One thing of interest: I spent about ten days reading The Hobbit to the boys, mostly as a bedtime story.
They loved it. Totally utterly loved it. Gollum was almost too scary, but the goblins, the spiders, the dragon, clever resourceful little Bilbo -- pure gold. I had tried to read it before, a year or two back, and they hadn't liked it. But now Alan is eight and David is just-turned-seven, and it just clicked.
Some things. One, the Hobbit doesn't read like a first novel. Carlos pointed out that's because Tolkein rewrote it about eight times before publication and a couple more times after, which make sense. Still, it's not just about the quality of the writing. The plotting and story structure is very... assured.
(Although: did you know that in the very first edition of the book, Gollum was much less monstrous? Apparently he actually gives up the Ring to Bilbo when he loses the contest. Tolkein later retconned this in later editions, so that the backstory to Lord of the Rings made sense. Then in the introduction to LOTR, he retconned the retcon by saying that the version in the first edition was based on the false version that Bilbo told, which had crept into some otherwise reliable chronicles. Did that make sense? Pretty postmodern for an old Oxford man, if you ask me.)

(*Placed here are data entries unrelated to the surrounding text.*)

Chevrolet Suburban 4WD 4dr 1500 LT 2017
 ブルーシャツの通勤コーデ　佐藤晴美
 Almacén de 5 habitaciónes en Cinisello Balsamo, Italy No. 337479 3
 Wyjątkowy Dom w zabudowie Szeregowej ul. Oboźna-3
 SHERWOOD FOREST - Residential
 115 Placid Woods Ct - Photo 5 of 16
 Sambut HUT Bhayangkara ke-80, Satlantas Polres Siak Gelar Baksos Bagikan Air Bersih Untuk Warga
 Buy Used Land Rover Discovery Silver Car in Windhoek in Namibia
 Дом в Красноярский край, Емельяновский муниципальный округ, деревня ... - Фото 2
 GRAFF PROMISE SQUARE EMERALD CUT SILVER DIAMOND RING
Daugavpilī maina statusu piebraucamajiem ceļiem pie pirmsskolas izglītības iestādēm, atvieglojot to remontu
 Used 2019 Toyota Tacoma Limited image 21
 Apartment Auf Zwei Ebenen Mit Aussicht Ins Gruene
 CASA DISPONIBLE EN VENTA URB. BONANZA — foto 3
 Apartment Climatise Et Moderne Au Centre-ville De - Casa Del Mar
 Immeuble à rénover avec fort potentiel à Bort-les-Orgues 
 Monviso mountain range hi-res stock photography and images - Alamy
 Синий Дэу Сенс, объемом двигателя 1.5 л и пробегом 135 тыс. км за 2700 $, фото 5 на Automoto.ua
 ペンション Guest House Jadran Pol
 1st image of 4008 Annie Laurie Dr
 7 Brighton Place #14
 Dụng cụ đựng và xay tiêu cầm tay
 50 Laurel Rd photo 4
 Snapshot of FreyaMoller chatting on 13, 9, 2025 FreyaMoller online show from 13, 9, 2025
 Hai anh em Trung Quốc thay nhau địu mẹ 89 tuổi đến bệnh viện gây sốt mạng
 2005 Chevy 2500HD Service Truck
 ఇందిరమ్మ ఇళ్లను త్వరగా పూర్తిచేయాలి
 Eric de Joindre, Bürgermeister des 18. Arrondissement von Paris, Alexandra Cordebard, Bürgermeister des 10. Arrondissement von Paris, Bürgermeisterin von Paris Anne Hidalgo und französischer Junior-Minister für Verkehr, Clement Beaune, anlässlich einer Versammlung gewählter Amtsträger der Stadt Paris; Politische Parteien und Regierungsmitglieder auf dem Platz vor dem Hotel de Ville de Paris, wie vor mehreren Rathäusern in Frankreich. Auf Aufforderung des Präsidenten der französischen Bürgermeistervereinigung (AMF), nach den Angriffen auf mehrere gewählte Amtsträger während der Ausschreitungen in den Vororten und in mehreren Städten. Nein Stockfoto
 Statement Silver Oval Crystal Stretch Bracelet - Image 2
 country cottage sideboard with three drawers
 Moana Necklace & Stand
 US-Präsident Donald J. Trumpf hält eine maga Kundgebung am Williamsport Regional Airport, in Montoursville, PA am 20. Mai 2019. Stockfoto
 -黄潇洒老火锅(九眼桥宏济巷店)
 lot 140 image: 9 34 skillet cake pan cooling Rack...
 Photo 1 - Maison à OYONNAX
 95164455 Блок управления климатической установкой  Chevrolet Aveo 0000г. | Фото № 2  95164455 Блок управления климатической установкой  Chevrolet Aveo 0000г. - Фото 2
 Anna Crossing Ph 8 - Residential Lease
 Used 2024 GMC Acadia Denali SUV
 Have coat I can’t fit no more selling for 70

Two, the Hobbit has a fair number of odd words. Not as many as LOTR (thrawn? oast?) but quite a few. I read every sentence, but I'd sometimes swap words so as not to interrupt the flow -- "branch" for "bough", and the like.
Three, the Hobbit manages to be a very moral work without having the least hint of spinach. That's no small accomplishment. Good is rewarded, and evil and greed and folly are punished, but none of it comes easy, and sometimes it gets very dark indeed. Bilbo does the right thing with the Arkenstone and nearly gets thrown down a mountainside by his employer. Smaug gets his comeuppance, but not before he completely destroys an innocent town. Thorin, a pompous and stiff-necked but basically kind and honest character, falls under the spell of the dragon-hoard and turns grasping, bitter and treacherous. Dora the Explorer it is not.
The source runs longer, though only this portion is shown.